This file provides guidance to coding agents when working with code in this repository.

Project Summary

ampup is the official version manager and installer for Amp (a tool for building and managing blockchain datasets).

  1. Rust crate (ampup/) — The ampup binary, a CLI tool for installing, managing, and building ampd versions

Quick Start

If you're an AI agent working on this codebase, here's what you need to know immediately:

  1. Use Skills for operations → Invoke skills (/code-format, /code-check, /code-test, /code-review, /feature-discovery, /feature-fmt-check, /feature-validate) instead of running commands directly
  2. Skills wrap justfile tasks → Skills provide the interface to just commands with proper guidance
  3. Follow the workflow → Format → Check → Clippy → Targeted Tests (when needed)
  4. Fix ALL warnings → Zero tolerance for clippy warnings
  5. Check patterns → Use /code-pattern-discovery before implementing code

Your first action: If you need to run a command, invoke the relevant Skill! If you need to implement code, invoke /code-pattern-discovery to load relevant patterns!

Testing default: Run the smallest relevant test slice. Only broaden to just test for cross-cutting/high-risk changes or when you need broader confidence.

Table of Contents

  1. Feature Discovery - Understanding project features via /feature-discovery skill
  2. Coding Patterns - Understanding coding standards via /code-pattern-discovery skill
  3. Development Workflow - How to develop with this codebase
  4. Additional Resources - Links to documentation

1. Feature Discovery

Feature documentation lives in docs/features/ with YAML frontmatter for dynamic discovery.

Feature docs are authoritative: If a feature doc exists, it is the ground truth. Implementation MUST align with documentation. If there's a mismatch, either fix the code or update the doc to reflect the correct state.

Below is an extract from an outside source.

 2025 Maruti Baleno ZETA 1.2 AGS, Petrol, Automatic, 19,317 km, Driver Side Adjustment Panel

When User Asks Invoke This Skill
"What is X?", "How does X work?", "Explain the Y feature" /feature-discovery
"What features does ampup have?", "What can this project do?" /feature-discovery
Questions about project functionality or capabilities /feature-discovery
Need context before implementing a feature /feature-discovery
Creating or editing files in docs/features/ /feature-fmt-check
Reviewing PRs that modify feature docs (format check) /feature-fmt-check
"What's the status of feature X implementation?" /feature-validate
Verify feature doc matches implementation /feature-validate
Check if documented functionality exists in code /feature-validate
Audit feature docs for accuracy and test coverage /feature-validate

Navigation:

  • Need to understand a feature? → /feature-discovery
  • Writing feature docs? → /feature-fmt-check + docs/meta/feature-docs.md
  • Validate implementation aligns with feature claims? → /feature-validate

2. Coding Patterns

Coding pattern documentation lives in docs/code/ with YAML frontmatter for dynamic discovery.

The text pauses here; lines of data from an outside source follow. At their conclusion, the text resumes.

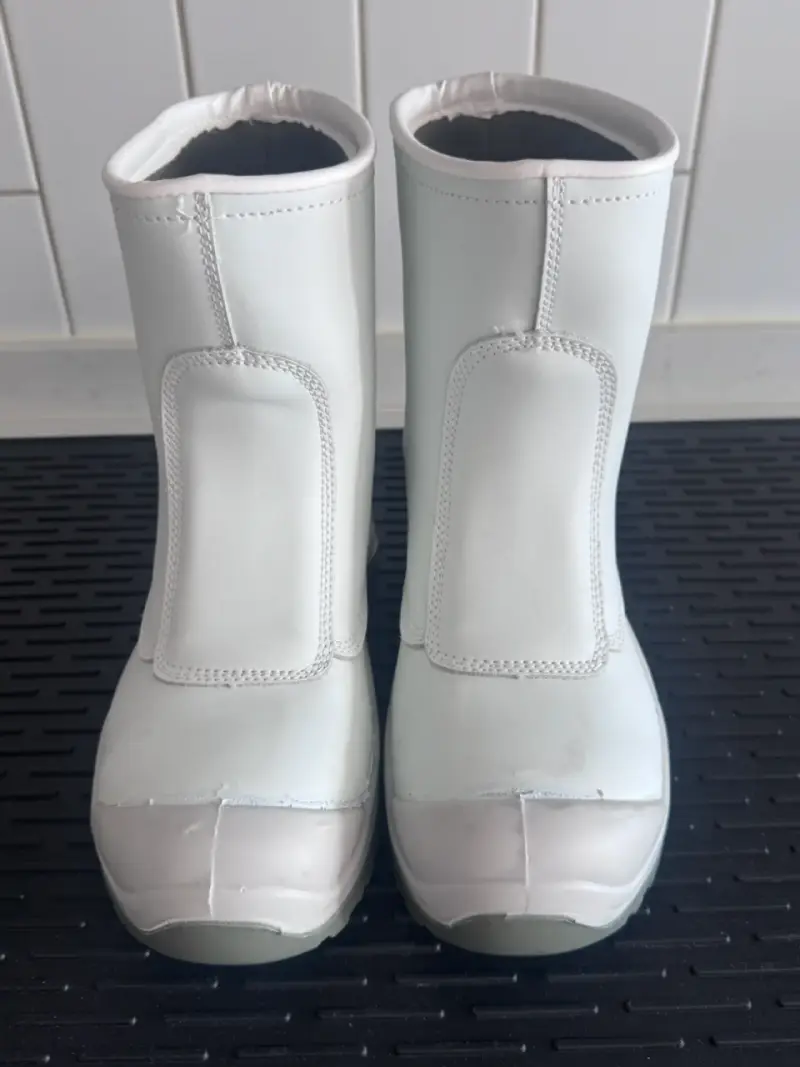 Botas blancas de seguridad - 1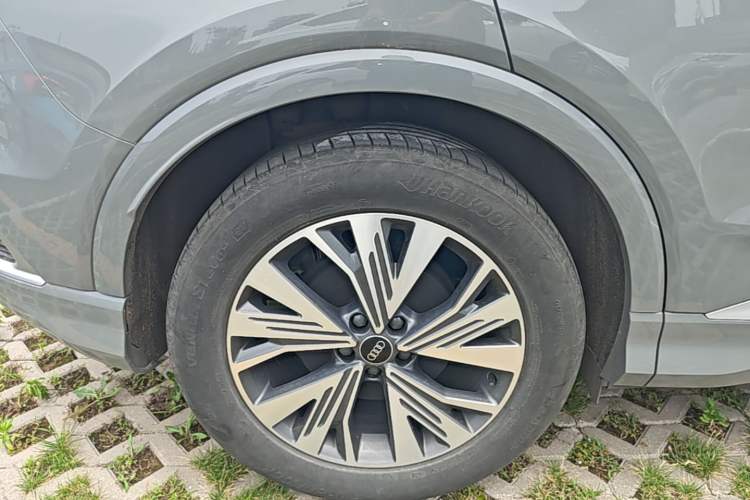 Used Audi Q4 e-tron 2024 40 e-tron Adventure Edition Right Rear Wheel Hub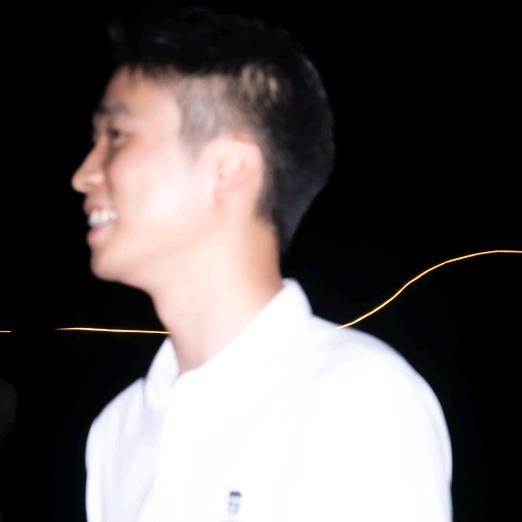 爱唱歌的小谢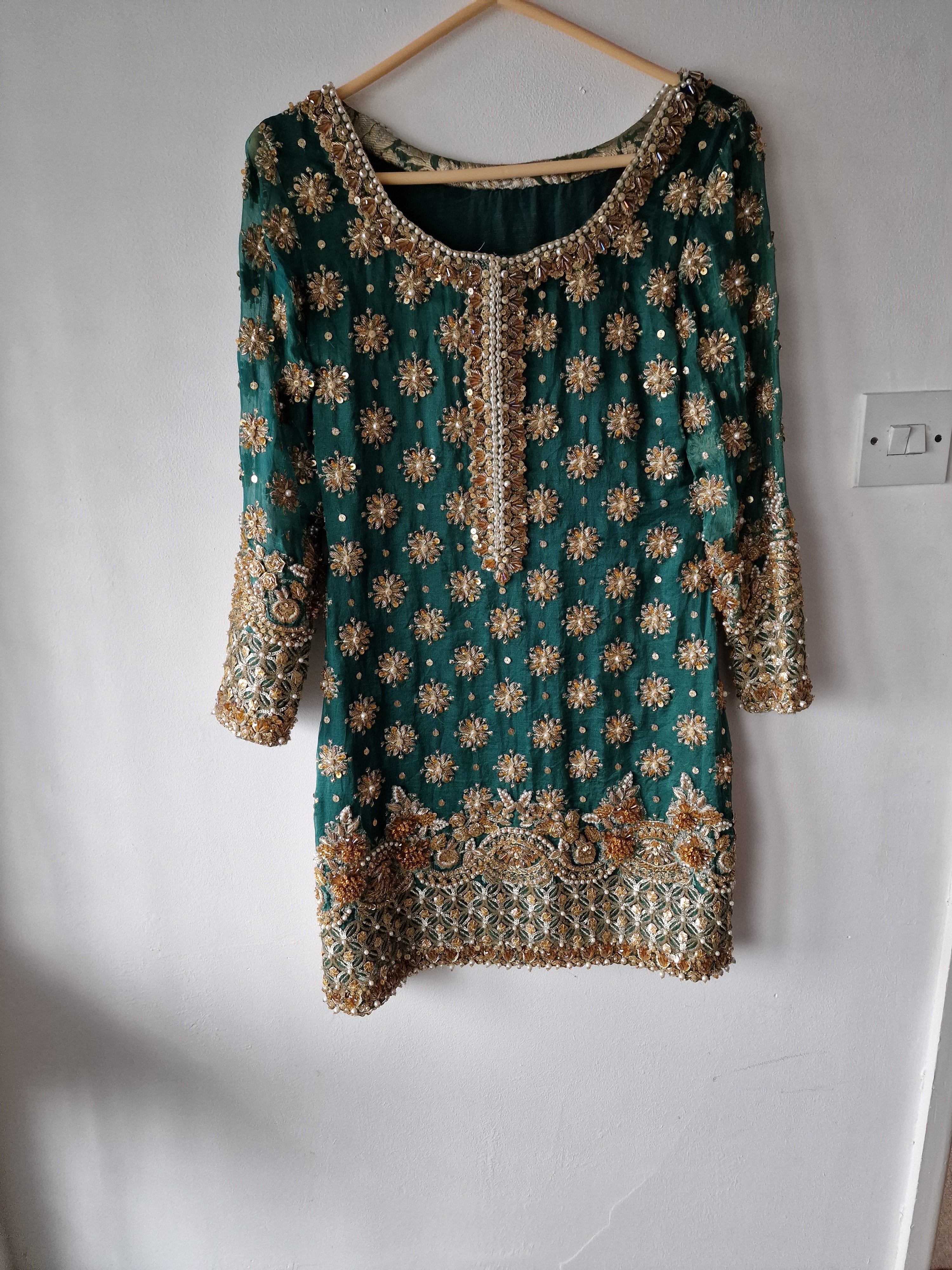 Tehxeeb London mehndhi outfit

Pattern docs are authoritative: Pattern docs define how code should be written. All implementations MUST follow the patterns. If code doesn't follow a pattern, either fix the code or update the pattern (with team approval).

Pattern Types

Type Scope Purpose
Core global Fundamental coding standards (error handling, modules, types)
Architectural global High-level patterns (crate structure, CLI design)
Crate-specific crate:<name> Patterns for specific crates
Meta global Documentation format specifications

Skill Invocation

When You Need To Invoke This Skill
Understand coding patterns before implementing /code-pattern-discovery
"How should I handle errors?", "What's the pattern for X?" /code-pattern-discovery
Load crate-specific patterns for ampup /code-pattern-discovery
Creating or editing files in docs/code/ /code-pattern-fmt-check
Reviewing PRs that modify pattern docs /code-pattern-fmt-check

Navigation:

  • Need to understand patterns? → /code-pattern-discovery
  • Writing pattern docs? → /code-pattern-fmt-check + docs/meta/code-pattern-docs.md
  • All patterns located in docs/code/

3. Development Workflow

This section provides guidance for AI agents on how to develop with this codebase.

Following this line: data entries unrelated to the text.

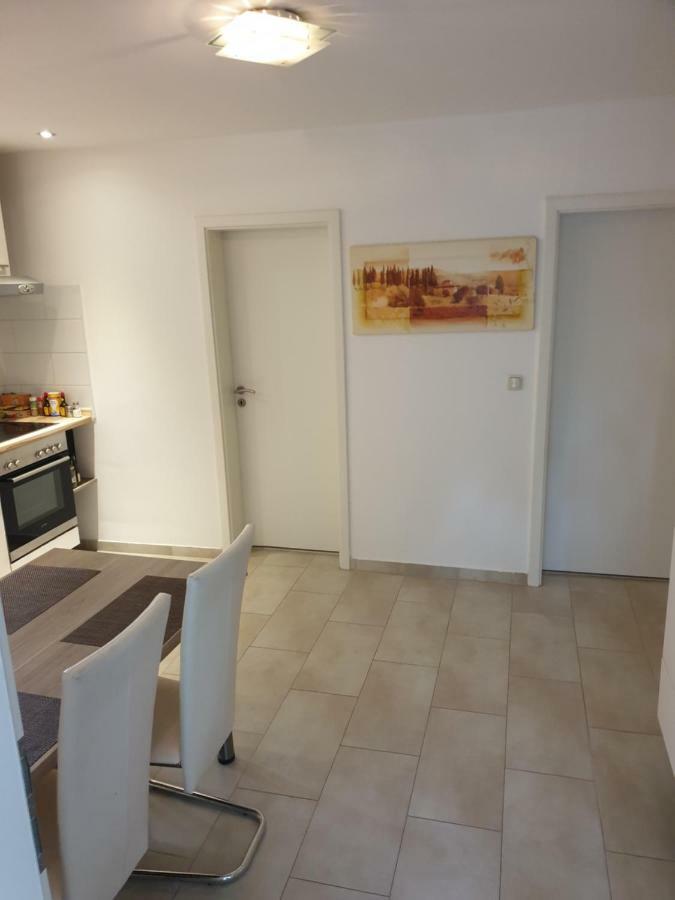 Wohnung, Zimmer In Frankfurt Flughafen Zu Vermieten Moerfelden-Walldorf Exterior photo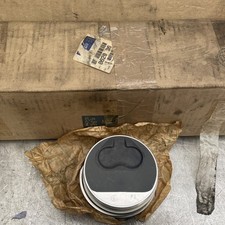 Peugeot 405 Diesel. STD Pistons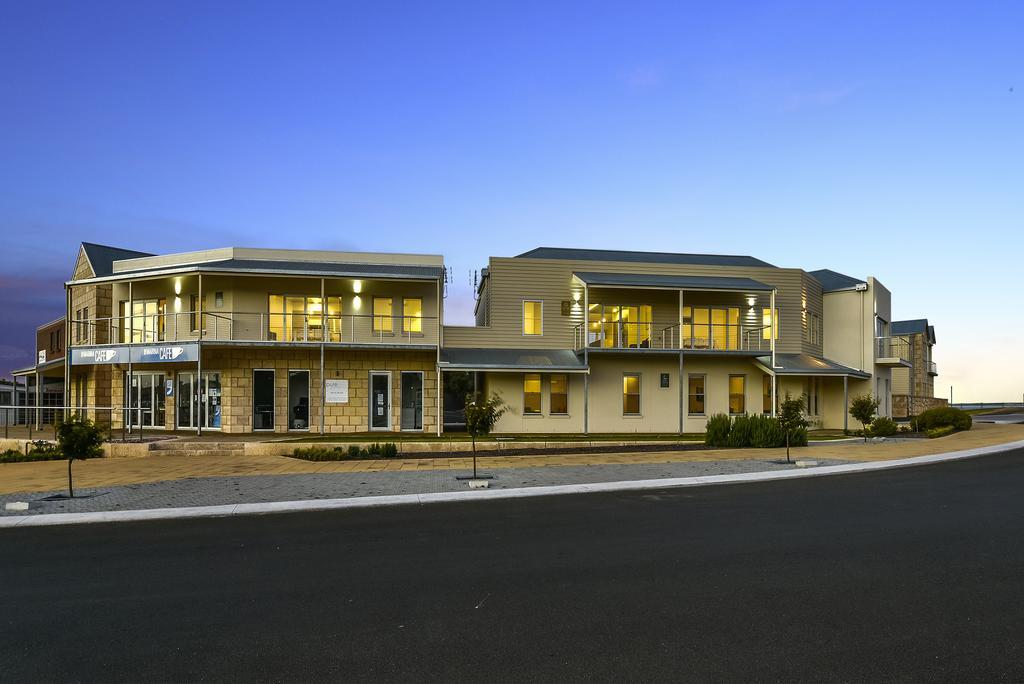 Aloha Waterfront Properties Robe Esterno foto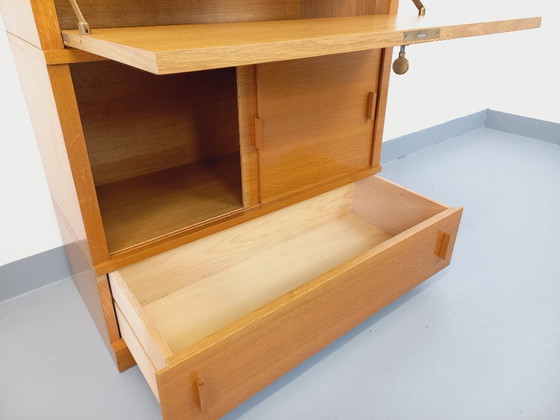 Image 1 of Vintage secretair/boekenkast van eikenhout uit de jaren 60.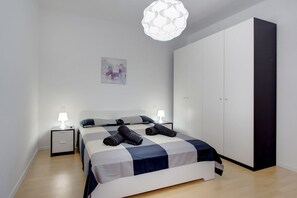Apartment (2 Bedrooms) | 2 bedrooms, laptop workspace, iron/ironing board, free WiFi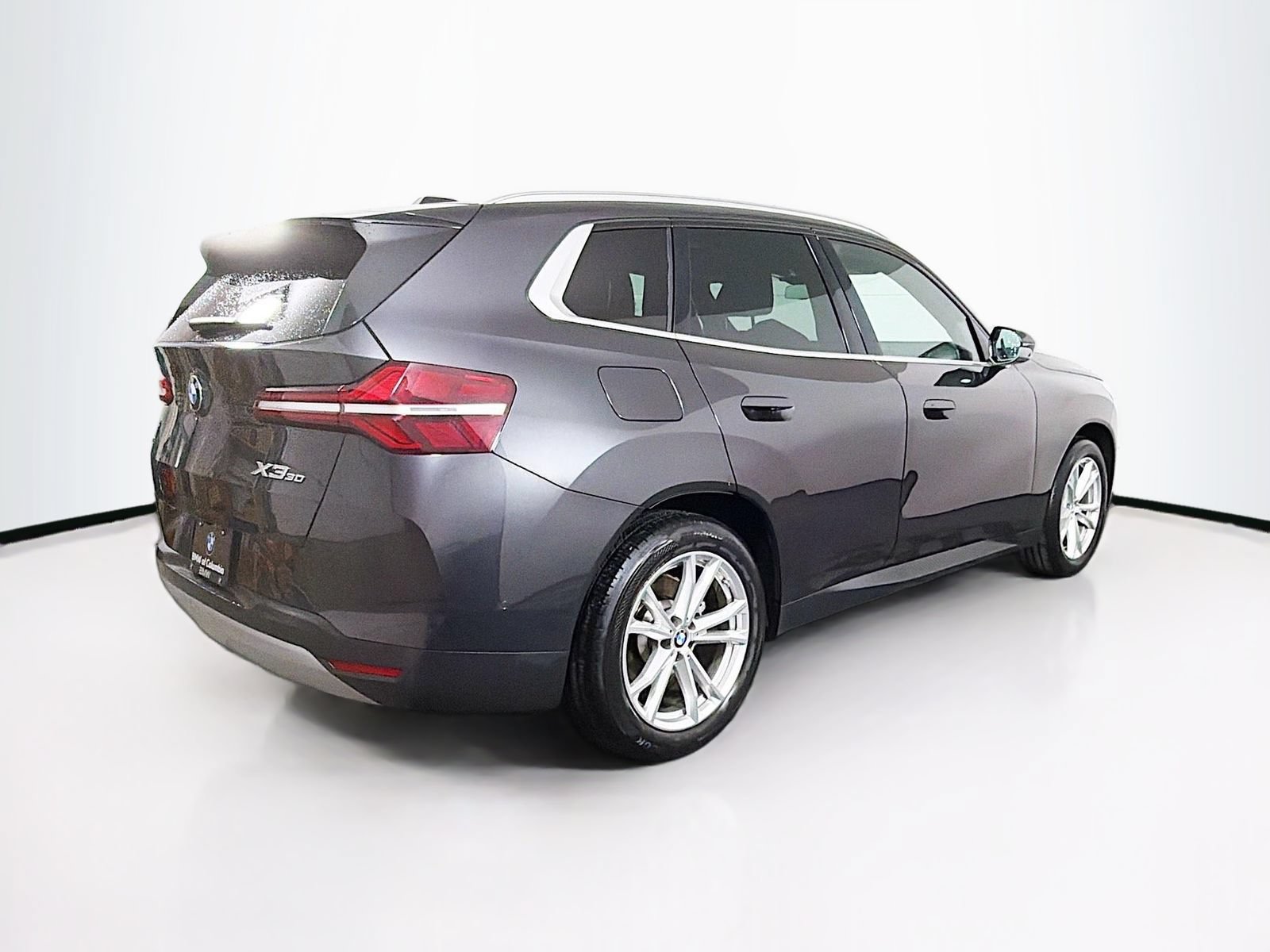 Used 2025 BMW X3 xDrive30i w/ Premium Package AWD/4WD image 7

Documentation Structure: Separation of Concerns

This project uses three complementary documentation systems. Understanding their roles helps AI agents navigate efficiently:

Documentation Purpose Content Focus
AGENTS.md (this file) WHY and WHAT Project architecture, policies, goals, and principles. Answers "What is this project?" and "Why do we do things this way?"
Skills (.agents/skills/) HOW and WHEN Command-line operations and justfile usage. Answers "How do I run commands?" and "When should I use each command?"
Patterns (docs/code/) HOW (implementation) Code implementation patterns, standards, and guidelines (see Coding Patterns). Answers "How do I write quality code that follows project conventions?"

Navigation Guide for AI Agents:

  • Need to understand the project? → Read this file (AGENTS.md)
  • Need to run a command? → Invoke the appropriate Skill (/code-format, /code-check, /code-test, /code-review)
  • Need to write code? → Use /code-pattern-discovery skill to load relevant patterns

Core Operating Principle

MANDATORY: USE Skills for all common operations. Skills wrap justfile tasks with proper guidance.

The Golden Rule

USE Skills (/code-format, /code-check, /code-test, /code-review) for all common operations. Only use cargo, pnpm, or other tools directly when the operation is NOT covered by a skill or NOT available in the justfile.

Decision process:

  1. First: Check if a skill exists for your operation
  2. If exists: Invoke the skill (provides proper flags, setup, and error handling)
  3. If not exists: You may run the tool directly (e.g., cargo run, cargo build, tool-specific commands)

Why Skills Are Preferred

  • Consistency: Uniform command execution across all developers and AI agents
  • Correctness: Skills ensure proper flags, setup, and error handling
  • Guidance: Skills provide context on when and how to use commands
  • Pre-approved workflows: Skills document which commands can run without user permission

Examples

  • Use skill: /code-format skill (formatting)
  • Use skill: /code-check skill (checking and linting)
  • Use skill: /code-test skill (testing)
  • Use skill: /code-review skill (code review)
  • Direct tool OK: cargo run -p ampup -- install --help (running binaries not in justfile)
  • Direct tool OK: cargo build --release (release builds not in justfile's check task)
  • Direct tool OK: Tool-specific commands not covered by justfile tasks

Command Execution Hierarchy (Priority Order)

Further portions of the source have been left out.